The Wall Street Journal reported in the January 9-10, 2010 edition that the U.S.’s handling of security nowadays is an ever-losing proposition. The article calls it a virtual game of “Terrorball,” in which we cannot win, because there only two perpetual rules:
· “The game lasts as long as there are terrorists who want to harm Americans; and
· If terrorists should manage to kill or injure or seriously frighten any of us, they win.”
Based on the above, I believe that we can only win the game by changing its rules. Rather than being reactive to every terror scare, we are prepared with one approach—one that delivers an optimal level of security based on the current level of risk.
I recall when Michael Chertoff was Secretary of Homeland Security. During that time, he was a strong advocate for a risk-based approach that was multilayered, strong yet flexible enough to accommodate changing circumstances. From that perspective, which I think made a lot of sense: security decisions are made on the basis of objective criteria. These include technical feasibility, maximum effect, cost-benefit analysis, and so on.
A risk-based approach, or what I call “optimal security,” clearly makes a lot of sense. Yet it is tempting, when a security situation actually occurs, to let emotions get the better of us. On the one extreme, sometimes hysteria takes place and everybody seems a potential threat. Other times, we get angry that anyone at all is subjected to scrutiny or questioning.
In order to save the most lives and change the terror game, we have to decide to become more rational about the threat that faces us. This doesn’t mean being cold and calculating, but rather rational and proactive in developing a security architecture and governance that seeks to protect the most with the least negative impacts—but not trying to plug every possible hole at all costs.

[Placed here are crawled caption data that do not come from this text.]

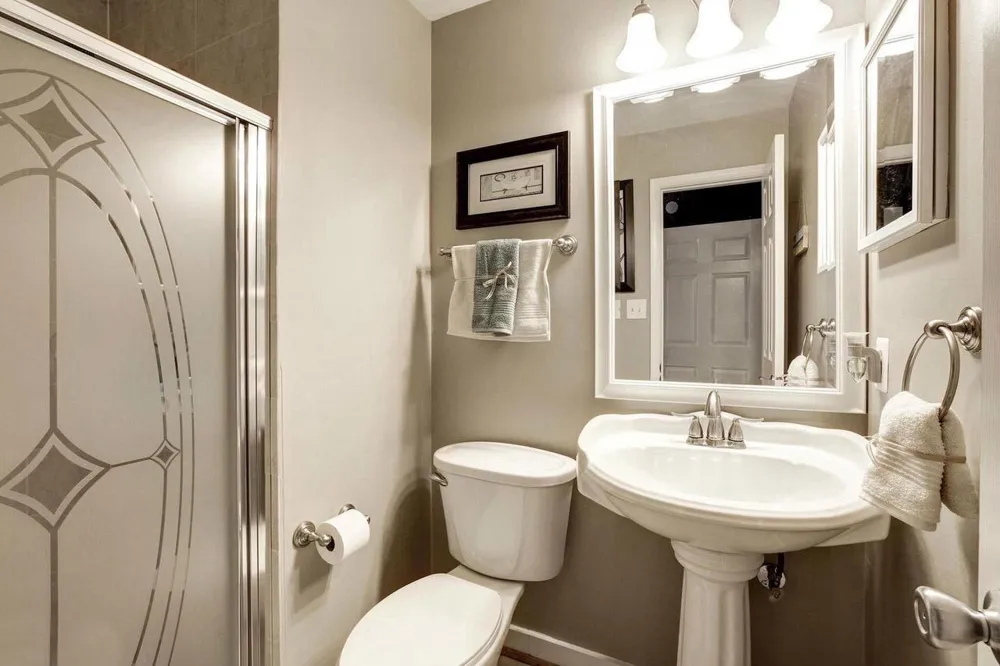 13915 GUNNERS PLACE Centreville, VA 20121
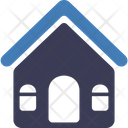 پیش‌نمایش فایل house-7198409 از پک مجموعه متنوع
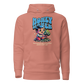 "Money Maker" Hoodie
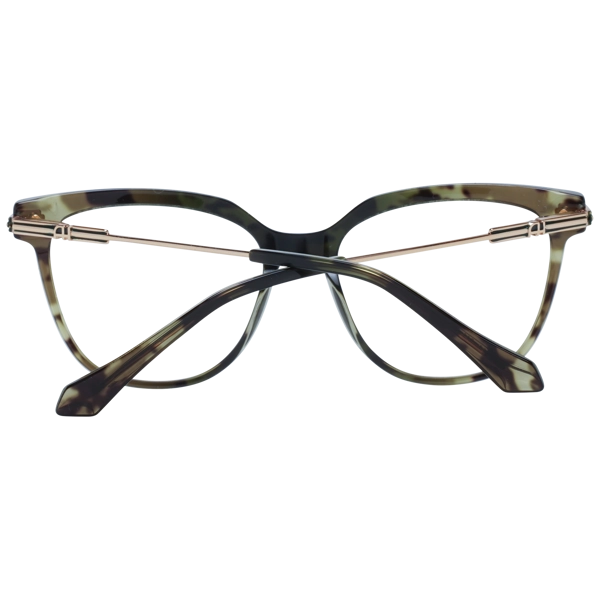 Ana Hickmann Optical Frame AH6490 C02 52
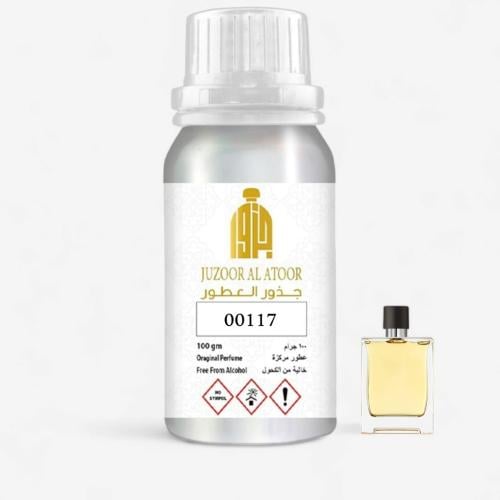 زيت عطري في نفس الخط تيري هيرميس رجالي-00117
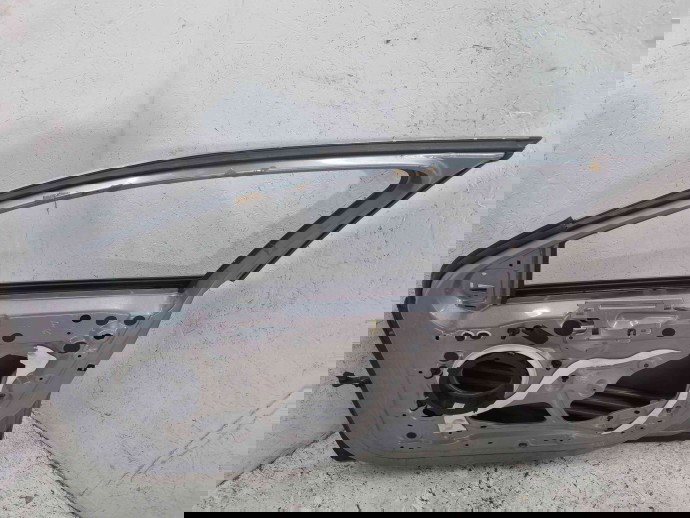 Usa dreapta fata Peugeot 308 (II) [Fabr 2013-2020]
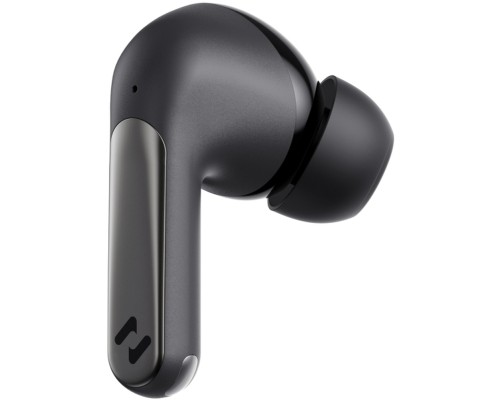 Навушники Havit TW984 Life NC01T ANC Black (HV-TW984-BK)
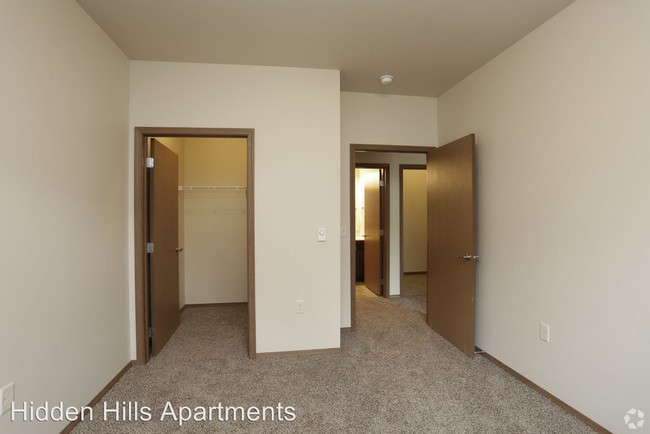 Foto del edificio - 950-970 N Cliff Ave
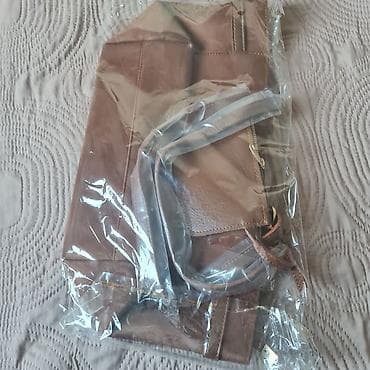 ct302 new balance: Nova tasna, jefttino!!! — 5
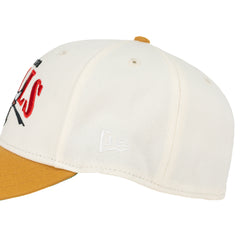 Chicago Bulls Rookie Of The Year Online Exclusive Collection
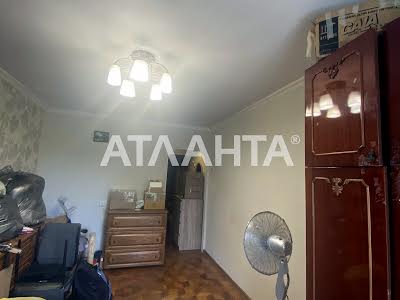квартира за адресою Одеса, Івана та Юрія Лип вул. (Гайдара), 68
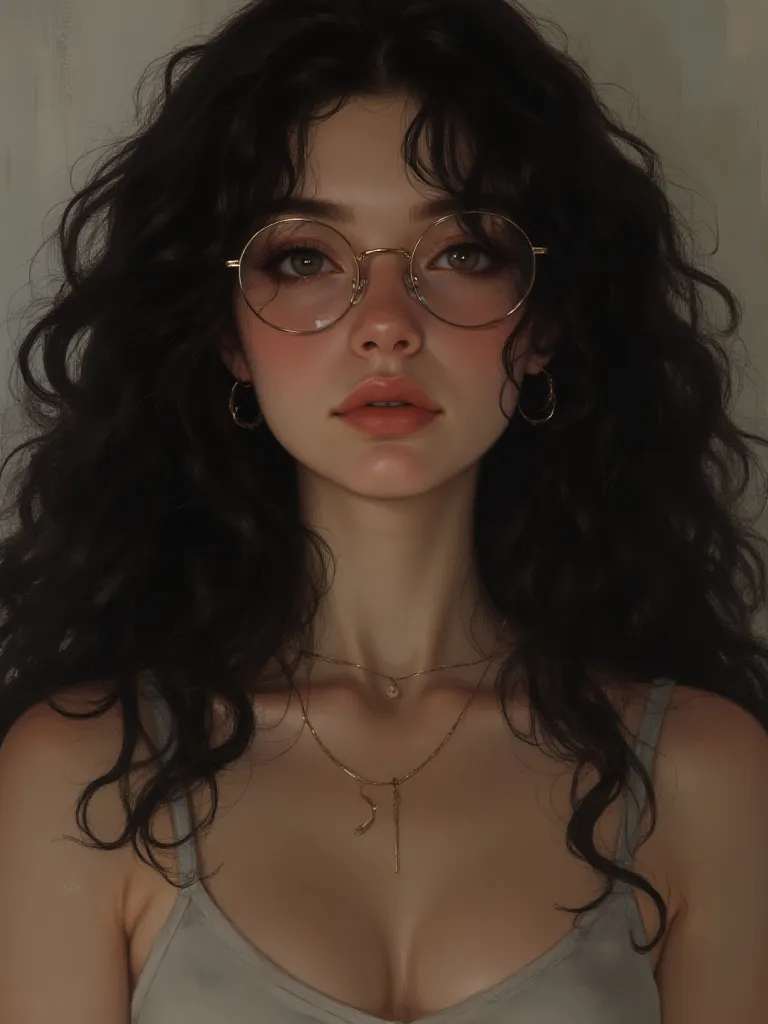 Thumbnail of Иви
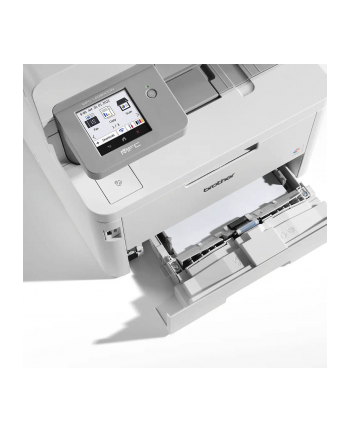 bczerwonyher Urządzenie wielofunkcyjne MFC-L8390CDW color/A4/LED/30ppm/(W)GLAN/ADF50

In optimal security: sure, there is the ideal where we want to protect every American from every possible threat. However, there is also the reality where, because of competing priorities and scarce resources (to address everything from the deficit, health care, education, social programs, energy, science, defense, and more) we cannot—no matter how much we genuinely want to—prevent every terror instance.

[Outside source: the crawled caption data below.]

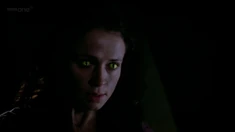 Lamia (episode)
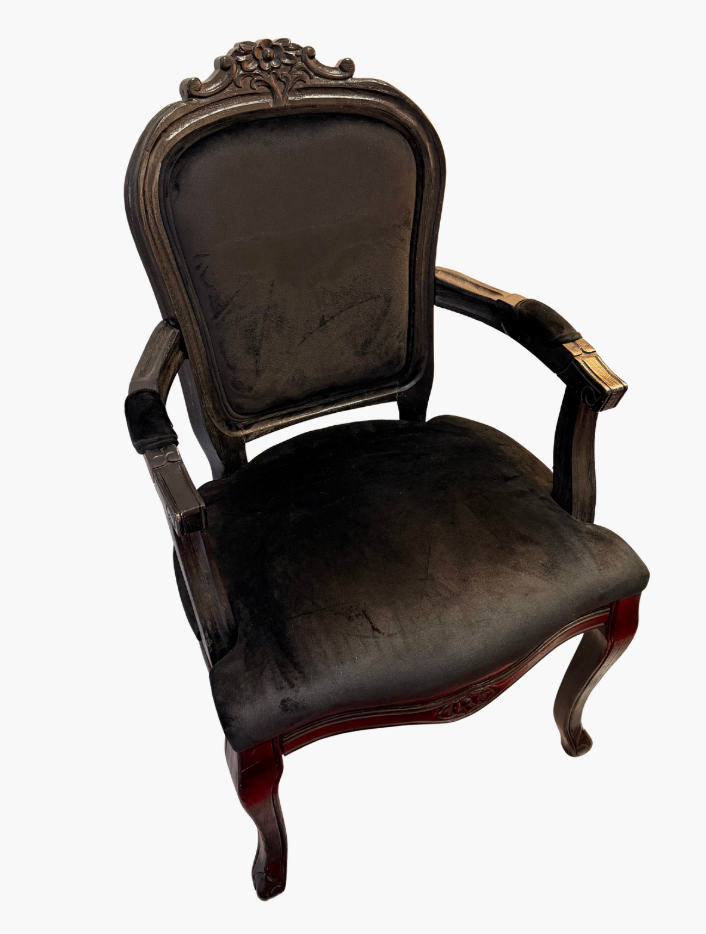 auto draft auto draft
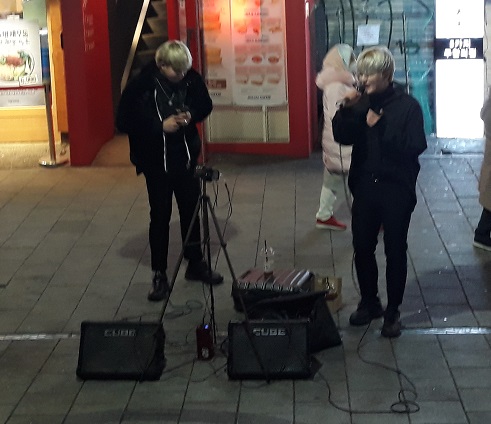 DSCF209 (75).jpg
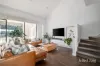 58 High Street, Prahran, Vic 3181-Image
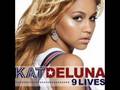 KAT DELUNA 9 LIVES *14* COMO UN SUENO [SPANISH]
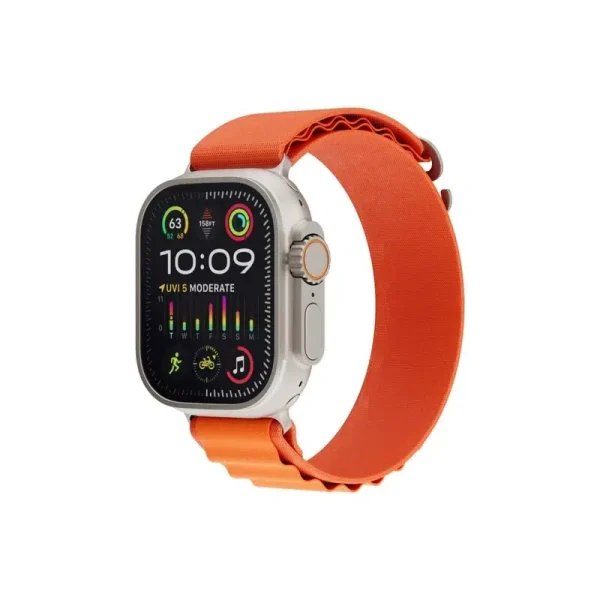 ساعت هوشمند Prodo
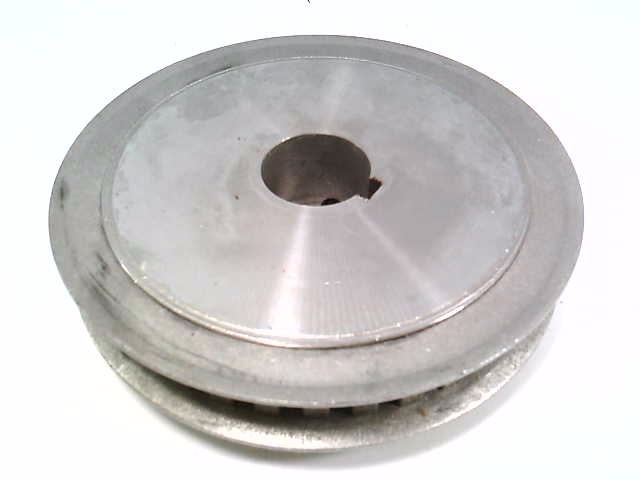 REGAL REXNORD 36LB050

So the terror playbook can and should be transformed. We can recognize there will always be terrorists—enemies of the state—who want to harm us and given enough attempts, no matter how optimal our security, they will occasionally get a sucker punch in on us—and we must be prepared for this. Moreover, rather than “freaking out” about this the terror threat, we can grow and commit to doing the best we can and accepting that we will increase security when information is there to support that need, and we will relax when that becomes possible.
Bottom line: We must move away from hysteria and any other factor that prevents us from being objective and make rational choices to deploy protections that are most effective and simultaneously safeguard our liberty.

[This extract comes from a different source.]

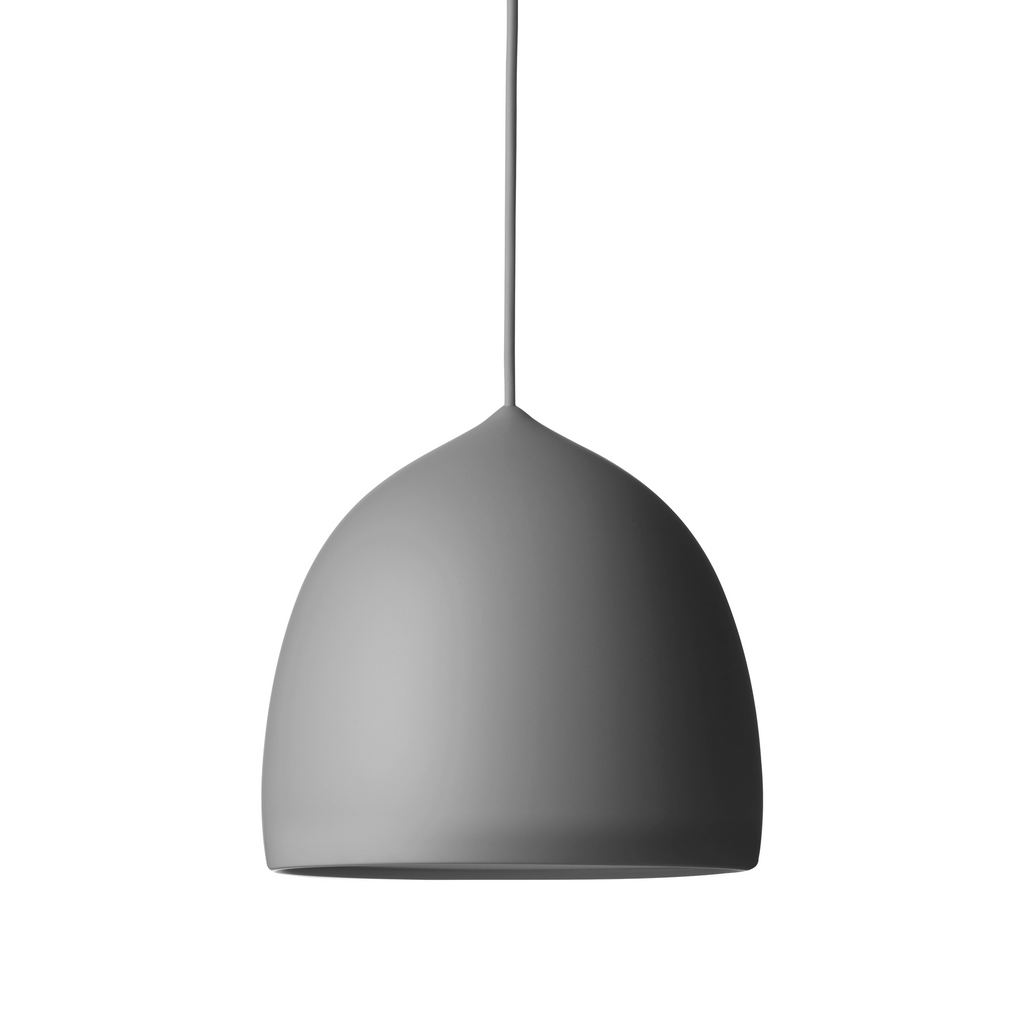 Suspence Pendant Light by Fritz Hansen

“Life, liberty and the pursuit of happiness” captures the security debate well. We want to safeguard lives, but at the same ensure liberty and we want to be happy and not afraid all the time.
To accomplish this balance, our optimal security realization should be based on highly effective intelligence, supported by the very best technology, and a security platform that adjusts to threats in real time.
While our intelligence continues to strengthen and our technology continues to improve, the greatest challenge is our ability as a nation and as individual human beings to cope with the distress caused by terrorism.
We are ambivalent emotionally about the threat and what needs to be done to combat it. However, once we look inside and understand the emotions that this issue raises, and come to terms with reality we face, we will as a nation be more at peace and less likely to jump from one extreme to another in terms of our demands and expectations from those who protect us every day.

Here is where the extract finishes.